13.2 Personal Data We Collect - Horse Sourcing
We may collect and process the following personal data in connection with the Horse Sourcing division:
|
Category of Personal Data |
Types of Personal Data |
|
'Personal Contact Data' |
Name, email address, phone numbers, and addresses. |
|
'Rider Profile Data' |
Rider first name, rider surname, rider display name, rider nationality, rider gender, rider date of birth, rider source ID, rider federation identifier, rider postcode, rider region, rider title, and country. |
|
'Horse Data' |
Horse date of birth, horse name, horse height, horse colour, and horse sex.

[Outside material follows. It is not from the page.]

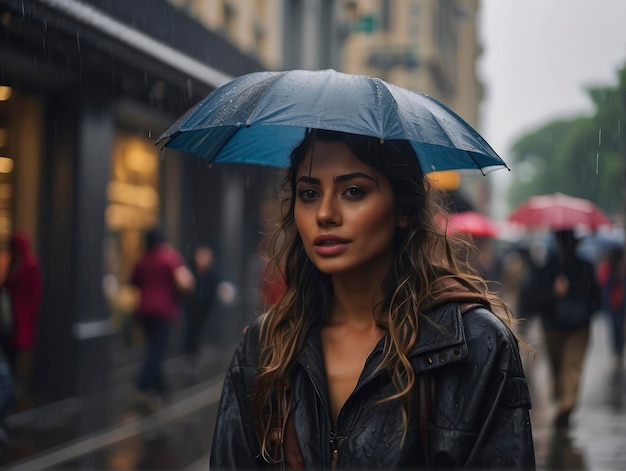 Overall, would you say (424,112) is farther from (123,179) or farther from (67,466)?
(123,179)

Note that horse data, while not personal data in its own right in most cases, may be associated with personal data relating to riders and owners. |
13.3 How We Collect Your Personal Data - Horse Sourcing
We collect personal data in the Horse Sourcing context through the following means:
13.3.1 Directly from you, when you engage with EquiRatings in connection with the Horse Sourcing service, including by contacting us, using our internal CRM, or accessing the eventing sales platform.
13.3.2 Via our internal CRM platform, which records interactions, preferences, and communications in connection with the Horse Sourcing service.
13.3.3 Via our eventing sales platform.
13.3.4 From federation data sources, where rider data is sourced from equestrian federations and governing bodies.
13.4 Legal Bases and Purposes - Horse Sourcing
|
Relevant Category of Personal Data |
Purpose(s) |
Legal Basis |
|
'Personal Contact Data'; 'Rider Profile Data' |
To manage the business relationship with you in connection with horse sourcing services; to communicate with you about potential horse matches and associated transactions; to maintain records on our internal CRM platform. |
Performance of a contract - processing is necessary for the performance of our contract with you or in order to take steps at your request prior to entering into a contract. |
|
'Personal Contact Data'; 'Rider Profile Data'; 'Horse Data' |
To develop and improve our horse sourcing analytical models and matching services; to carry out internal analysis and profiling to assess the suitability of horses for particular riders. |
Legitimate interests - the processing is necessary for EquiRatings' legitimate interests in providing and improving its horse sourcing services. |
|
All categories above |
Legal Claims - to investigate, establish, exercise or defend a legal claim. |
To defend, establish or be a party to legal claims - processing is necessary for us to establish, investigate, exercise or defend a legal claim. |
13.5 Applications and Service Providers - Horse Sourcing
In connection with the Horse Sourcing division, EquiRatings operates dedicated horse sourcing platforms, an internal CRM platform, and its main website.
Third-party applications and service providers used in connection with this division include cloud hosting and deployment providers and file storage providers. These providers may process your personal data on our behalf and in accordance with our instructions. Where these providers are located outside the EEA, we ensure appropriate safeguards are in place as described in Section 4 above.